DATASET START

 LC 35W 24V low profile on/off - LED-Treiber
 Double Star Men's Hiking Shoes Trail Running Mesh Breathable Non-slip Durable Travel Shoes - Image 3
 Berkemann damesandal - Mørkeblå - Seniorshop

DATASET END
DATASET START

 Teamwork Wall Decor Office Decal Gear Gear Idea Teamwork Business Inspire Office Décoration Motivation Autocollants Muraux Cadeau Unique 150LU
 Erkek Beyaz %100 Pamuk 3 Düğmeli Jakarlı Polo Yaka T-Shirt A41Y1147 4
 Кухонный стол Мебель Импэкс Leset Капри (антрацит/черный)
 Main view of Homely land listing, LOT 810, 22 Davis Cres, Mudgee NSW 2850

DATASET END

▶ [WHAT THE TASK REQUIRES]:
Could you write out, exactly as they stand, only the lines above that begin at the line with "Erkek Beyaz %100" and stop after the line with "Main view of"?

▶ [EXERCISE RESULT]:
 Erkek Beyaz %100 Pamuk 3 Düğmeli Jakarlı Polo Yaka T-Shirt A41Y1147 4
 Кухонный стол Мебель Импэкс Leset Капри (антрацит/черный)
 Main view of Homely land listing, LOT 810, 22 Davis Cres, Mudgee NSW 2850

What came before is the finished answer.